Diario Vasco

Madrid, 17 may (EFE).- La catalana Meritxell Batet fue la opción en la que Pedro Sánchez pensó "desde el principio" como presidenta del Congreso, según fuentes de su entorno, que aseguran a Efe que su idea era que Batet formara tándem con el líder del PSC, Miquel Iceta, en el Senado.

Aunque el veto de ERC a Iceta conduce a pensar que la apuesta por Batet ha sido la respuesta de Sánchez a los independentistas en forma de "dos tazas", en Moncloa lo niegan y explican que esa interpretación es la lógica, si no se conoce que Batet era el nombre por el que Sánchez apostaba desde el primer momento.

Una vez desechada la candidatura de Iceta, tras la votación de ayer en el Parlament, la elección del filósofo catalán Manuel Cruz fue fácil, según las fuentes, porque su currículum y formación está "muy encima" del resto de senadores socialistas.

En el entorno de Sánchez aseguran además que Manuel Cruz era un persona en la que el presidente siempre pensaba para ocupar algún puesto de relevancia.

Un día después de consumarse el veto a Iceta en el Parlament, en el PSOE siguen interpretándolo en clave electoral y acusan a los independentistas de mentir cuando dicen que los socialistas no hablaron con ellos antes de hacerlo público.

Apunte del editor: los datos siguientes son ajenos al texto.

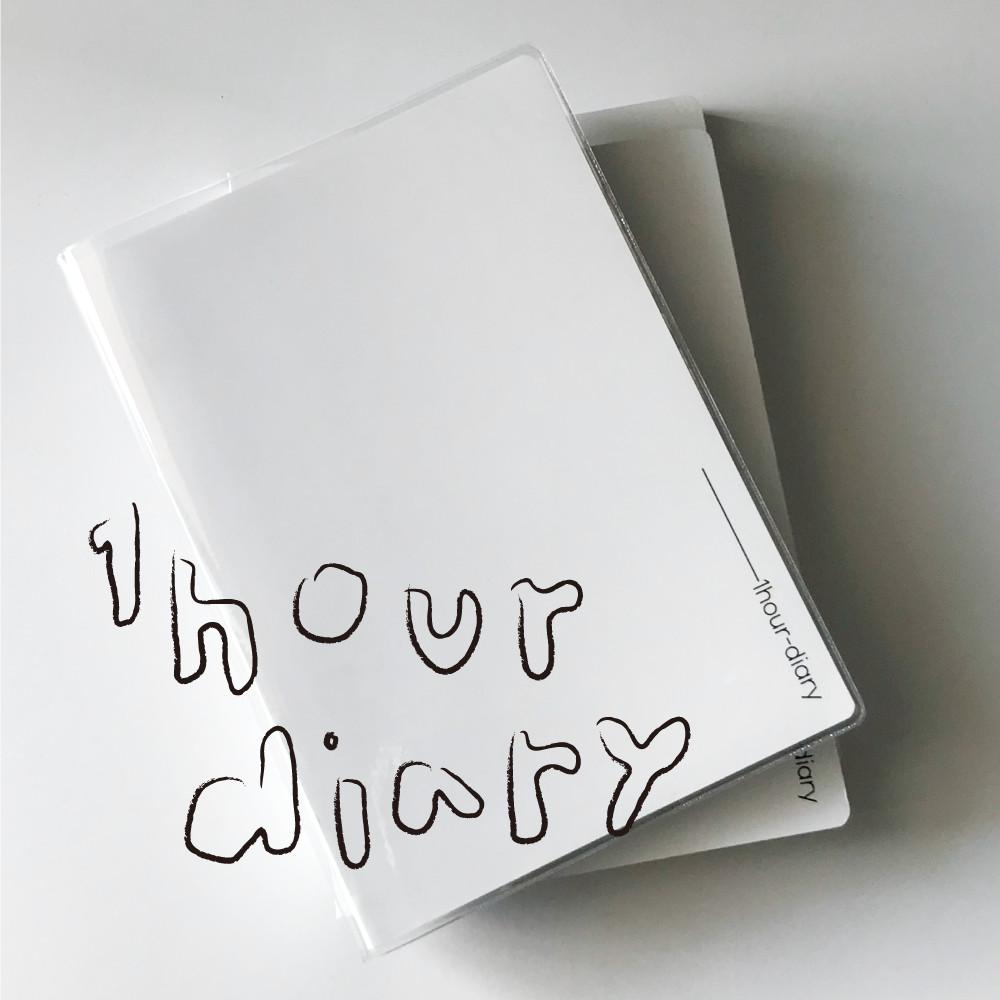 [다한다] 리뉴얼! 1시간 다이어리 3개월 데일리 A6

Según las fuentes, Iceta habló con el presidente de la Generalitat, Quim Torra, y con el del Parlament, Roger Torrent, antes de que saltara a la prensa, con lo que entendían que a partir de ahí la información se la trasladaron a sus respectivas formaciones independentistas.

Aunque en el entorno de Sánchez prefieren no desvelar cuándo supieron Batet y Cruz sus próximos destinos, subrayan que cada uno lo ha sabido "en su momento" y que "eso lo hace muy bien el presidente" para evitar filtraciones. "Al final ha salido bien", se congratulan en Moncloa.